RECORDED INFORMATION:
>>>

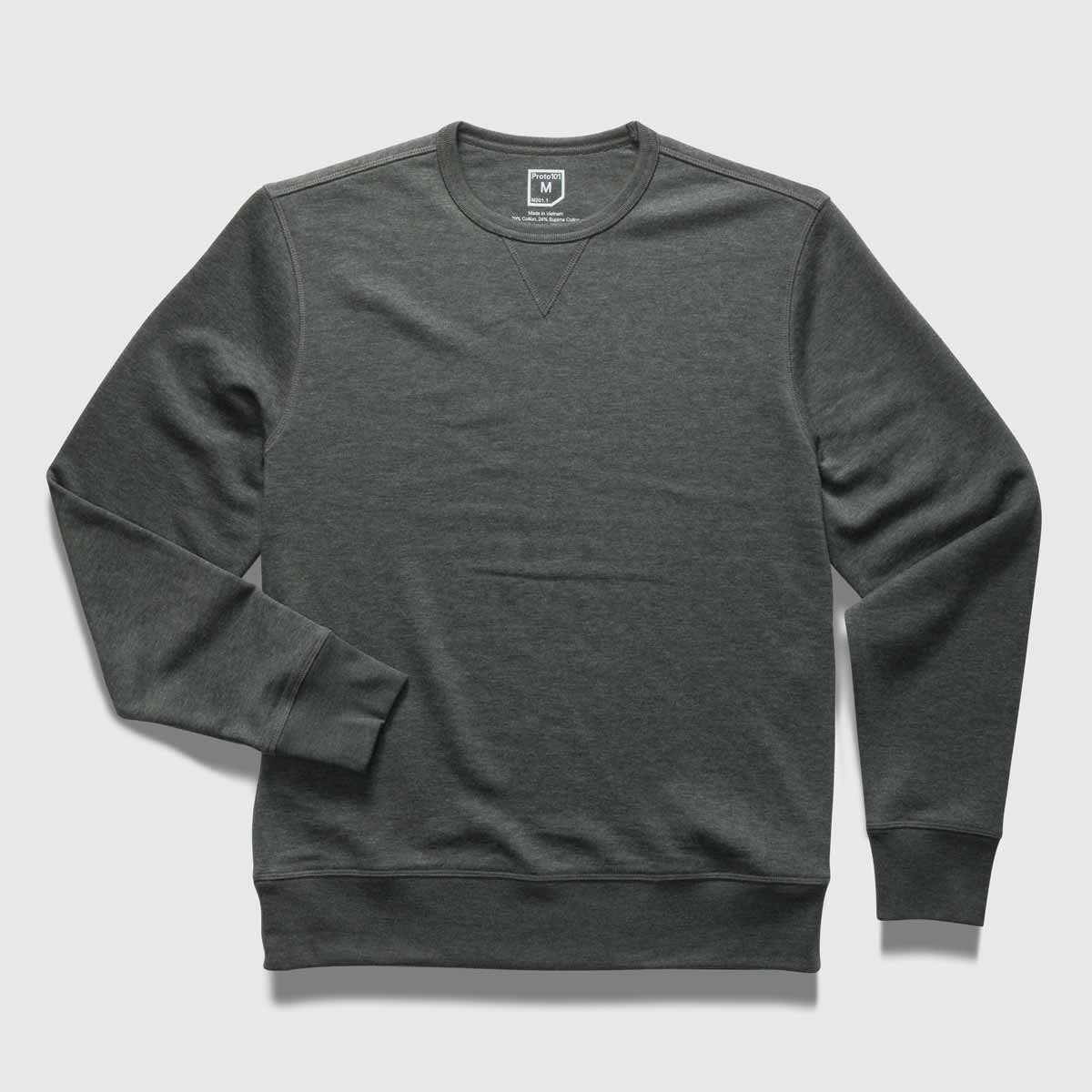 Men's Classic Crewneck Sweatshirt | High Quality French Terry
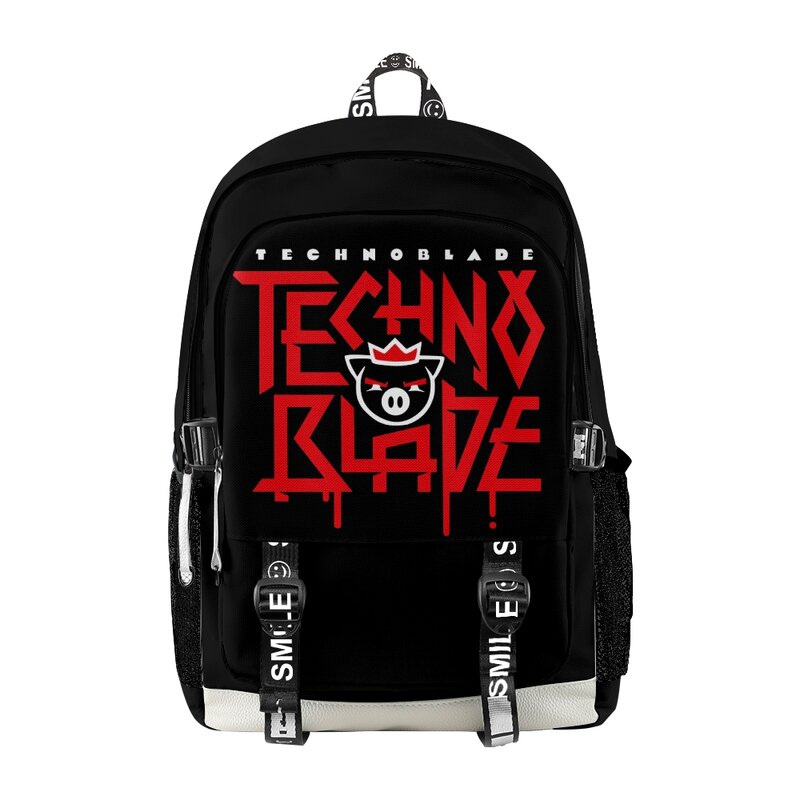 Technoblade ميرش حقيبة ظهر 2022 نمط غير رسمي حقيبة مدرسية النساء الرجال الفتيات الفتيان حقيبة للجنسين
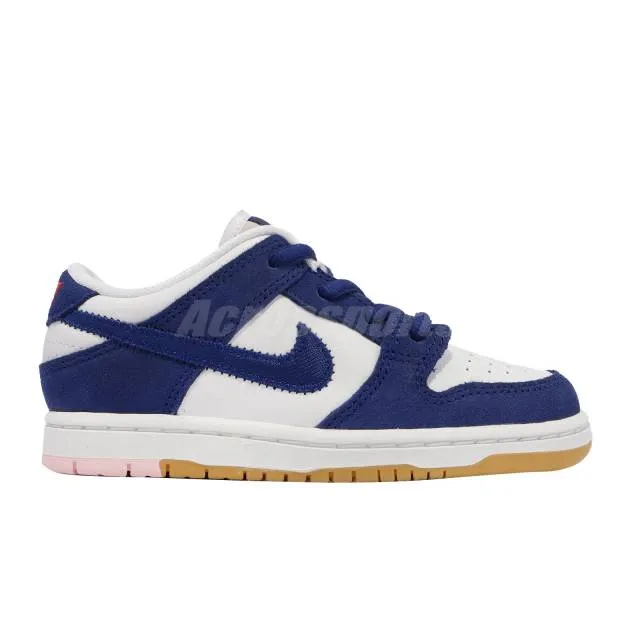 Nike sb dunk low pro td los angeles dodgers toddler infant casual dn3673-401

<<<

WHAT THE EXERCISE ASKS: From the first line to the last, give the data again exactly, but without pictures.

ANSWER AREA:
 Men's Classic Crewneck Sweatshirt | High Quality French Terry
 Technoblade ميرش حقيبة ظهر 2022 نمط غير رسمي حقيبة مدرسية النساء الرجال الفتيات الفتيان حقيبة للجنسين
 Nike sb dunk low pro td los angeles dodgers toddler infant casual dn3673-401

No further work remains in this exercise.